=== How to complete this task ===
Pictures excluded, set down exactly the lines from the one containing "Building Photo - 3602 Cedarcrest Dr" through the final line of the material, and only those.

=== Source material ===
═══

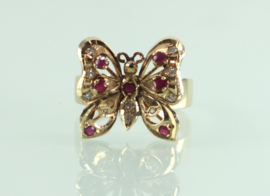 Gouden ring vlinder met robijn en diamant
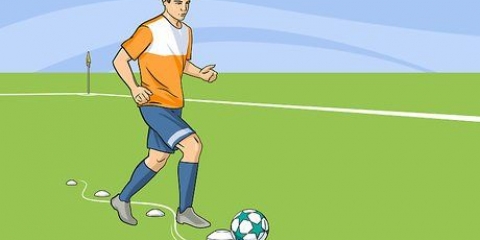 Jouer au football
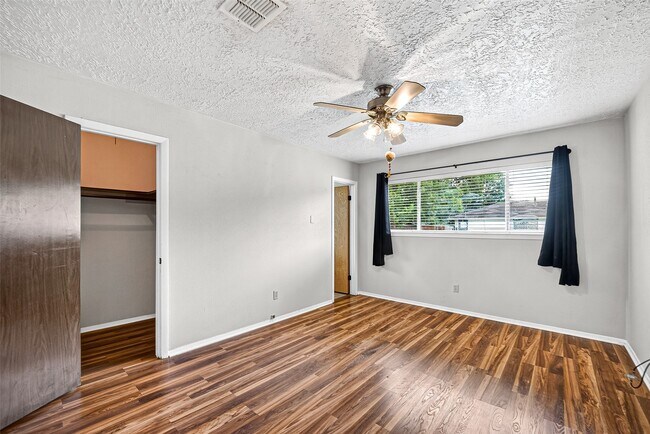 Building Photo - 3602 Cedarcrest Dr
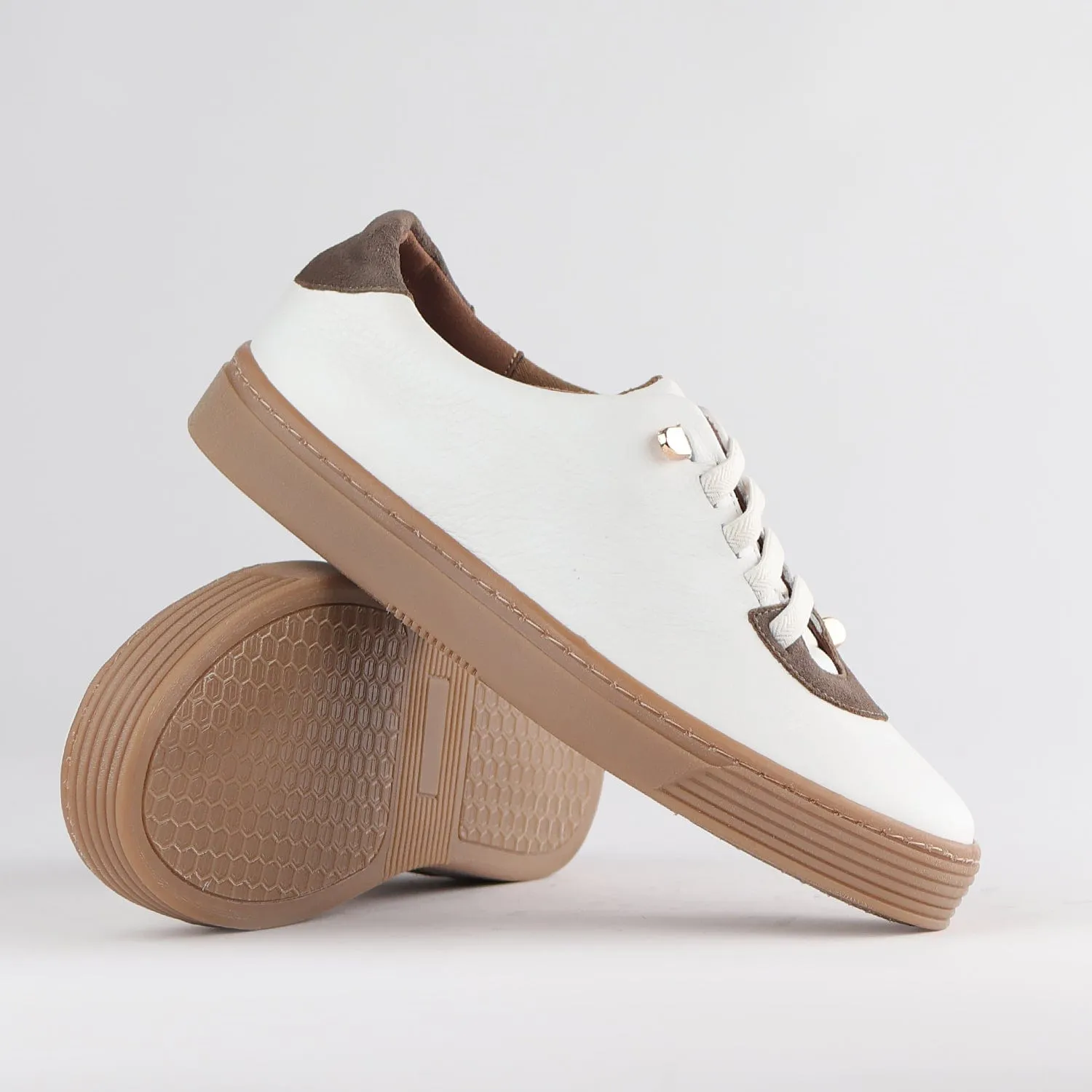 Elasticated lace-up Sneaker with Removable Footbed in White Multi - 12843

═══

=== Task output ===
 Building Photo - 3602 Cedarcrest Dr
 Elasticated lace-up Sneaker with Removable Footbed in White Multi - 12843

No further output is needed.